Work required :: Please copy exactly the lines that run from the start of the entries to the line containing "油管怎么找自己的评论（油管评论不见了）", inclusive.

--- Task material Enclosed Below ---

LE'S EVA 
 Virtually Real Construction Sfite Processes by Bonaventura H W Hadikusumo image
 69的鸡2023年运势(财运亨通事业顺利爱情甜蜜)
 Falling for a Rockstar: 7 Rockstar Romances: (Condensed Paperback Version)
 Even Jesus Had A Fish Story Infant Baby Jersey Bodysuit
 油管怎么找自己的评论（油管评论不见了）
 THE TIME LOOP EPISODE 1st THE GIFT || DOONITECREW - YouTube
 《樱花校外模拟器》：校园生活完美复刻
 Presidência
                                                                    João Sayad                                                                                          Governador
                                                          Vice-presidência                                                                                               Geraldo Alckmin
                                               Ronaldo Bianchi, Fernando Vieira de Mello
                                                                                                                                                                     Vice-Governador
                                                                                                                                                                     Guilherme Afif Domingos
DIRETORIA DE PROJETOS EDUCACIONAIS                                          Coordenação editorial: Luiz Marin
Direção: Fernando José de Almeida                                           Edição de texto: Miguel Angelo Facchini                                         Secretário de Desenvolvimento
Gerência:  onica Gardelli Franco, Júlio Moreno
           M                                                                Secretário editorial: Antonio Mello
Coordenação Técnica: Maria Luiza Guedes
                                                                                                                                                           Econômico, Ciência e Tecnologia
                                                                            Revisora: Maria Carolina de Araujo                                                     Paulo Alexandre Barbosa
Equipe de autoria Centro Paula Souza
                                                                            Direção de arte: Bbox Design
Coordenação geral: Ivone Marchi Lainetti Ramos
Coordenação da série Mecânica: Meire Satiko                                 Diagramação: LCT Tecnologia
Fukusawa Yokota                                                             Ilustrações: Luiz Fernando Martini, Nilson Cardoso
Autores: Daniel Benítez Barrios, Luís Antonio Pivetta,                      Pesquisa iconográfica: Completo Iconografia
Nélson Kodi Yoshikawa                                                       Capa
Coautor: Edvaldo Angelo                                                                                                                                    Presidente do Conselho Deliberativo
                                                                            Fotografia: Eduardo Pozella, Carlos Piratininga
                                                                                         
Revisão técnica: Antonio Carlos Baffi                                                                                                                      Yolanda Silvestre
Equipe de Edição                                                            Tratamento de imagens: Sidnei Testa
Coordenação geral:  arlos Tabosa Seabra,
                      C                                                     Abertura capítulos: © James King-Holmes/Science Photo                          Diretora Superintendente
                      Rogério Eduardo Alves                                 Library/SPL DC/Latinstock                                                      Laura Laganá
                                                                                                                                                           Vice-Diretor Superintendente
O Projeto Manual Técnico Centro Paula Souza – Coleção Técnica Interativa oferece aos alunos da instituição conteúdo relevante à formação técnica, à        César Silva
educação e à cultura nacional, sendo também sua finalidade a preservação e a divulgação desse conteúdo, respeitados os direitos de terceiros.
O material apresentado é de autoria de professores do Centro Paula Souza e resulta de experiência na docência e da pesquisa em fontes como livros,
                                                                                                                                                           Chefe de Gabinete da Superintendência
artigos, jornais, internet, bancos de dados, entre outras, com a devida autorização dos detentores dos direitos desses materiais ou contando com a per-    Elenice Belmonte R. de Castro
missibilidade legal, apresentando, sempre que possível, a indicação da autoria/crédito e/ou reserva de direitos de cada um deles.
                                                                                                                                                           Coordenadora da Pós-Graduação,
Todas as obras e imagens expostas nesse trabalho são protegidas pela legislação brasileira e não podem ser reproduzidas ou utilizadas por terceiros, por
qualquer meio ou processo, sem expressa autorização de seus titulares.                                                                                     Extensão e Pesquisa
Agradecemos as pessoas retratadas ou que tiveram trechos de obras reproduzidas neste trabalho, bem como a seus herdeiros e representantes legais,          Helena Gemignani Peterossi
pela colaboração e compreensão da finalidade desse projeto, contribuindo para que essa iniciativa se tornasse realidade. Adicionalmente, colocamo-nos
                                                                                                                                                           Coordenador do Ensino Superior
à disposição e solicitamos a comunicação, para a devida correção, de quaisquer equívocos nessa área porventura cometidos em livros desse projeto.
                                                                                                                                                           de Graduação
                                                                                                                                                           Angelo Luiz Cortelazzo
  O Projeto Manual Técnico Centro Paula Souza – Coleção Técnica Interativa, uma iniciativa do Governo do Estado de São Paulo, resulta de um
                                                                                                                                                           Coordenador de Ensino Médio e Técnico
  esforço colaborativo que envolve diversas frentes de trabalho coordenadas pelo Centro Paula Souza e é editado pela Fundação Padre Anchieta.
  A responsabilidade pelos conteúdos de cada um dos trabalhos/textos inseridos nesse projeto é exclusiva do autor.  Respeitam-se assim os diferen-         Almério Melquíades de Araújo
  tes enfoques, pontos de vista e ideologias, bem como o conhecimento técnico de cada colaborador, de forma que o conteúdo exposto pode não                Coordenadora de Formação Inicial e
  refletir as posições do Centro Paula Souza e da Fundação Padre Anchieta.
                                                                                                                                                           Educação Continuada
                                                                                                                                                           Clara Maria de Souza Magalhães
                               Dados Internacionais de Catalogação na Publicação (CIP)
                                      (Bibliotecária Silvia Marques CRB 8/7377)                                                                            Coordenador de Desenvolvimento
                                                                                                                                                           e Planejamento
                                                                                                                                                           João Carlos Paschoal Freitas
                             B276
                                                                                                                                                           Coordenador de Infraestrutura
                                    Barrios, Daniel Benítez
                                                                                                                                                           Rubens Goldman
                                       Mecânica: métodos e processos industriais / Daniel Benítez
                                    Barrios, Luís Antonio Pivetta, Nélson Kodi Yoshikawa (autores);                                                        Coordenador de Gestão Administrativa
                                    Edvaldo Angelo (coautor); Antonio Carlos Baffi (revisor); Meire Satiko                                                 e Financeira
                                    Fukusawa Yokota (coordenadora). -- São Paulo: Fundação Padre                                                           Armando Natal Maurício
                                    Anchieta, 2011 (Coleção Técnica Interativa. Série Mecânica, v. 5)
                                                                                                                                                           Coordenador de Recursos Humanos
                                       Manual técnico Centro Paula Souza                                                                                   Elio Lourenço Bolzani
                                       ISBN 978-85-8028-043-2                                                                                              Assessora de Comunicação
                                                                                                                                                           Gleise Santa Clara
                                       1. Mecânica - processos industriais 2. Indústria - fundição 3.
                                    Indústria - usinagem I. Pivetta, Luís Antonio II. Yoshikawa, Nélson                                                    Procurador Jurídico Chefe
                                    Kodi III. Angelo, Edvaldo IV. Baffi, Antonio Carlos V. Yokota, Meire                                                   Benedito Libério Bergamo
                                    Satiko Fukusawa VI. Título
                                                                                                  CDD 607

--- End of Enclosed Task material ---

Response below ::
LE'S EVA 
 Virtually Real Construction Sfite Processes by Bonaventura H W Hadikusumo image
 69的鸡2023年运势(财运亨通事业顺利爱情甜蜜)
 Falling for a Rockstar: 7 Rockstar Romances: (Condensed Paperback Version)
 Even Jesus Had A Fish Story Infant Baby Jersey Bodysuit
 油管怎么找自己的评论（油管评论不见了）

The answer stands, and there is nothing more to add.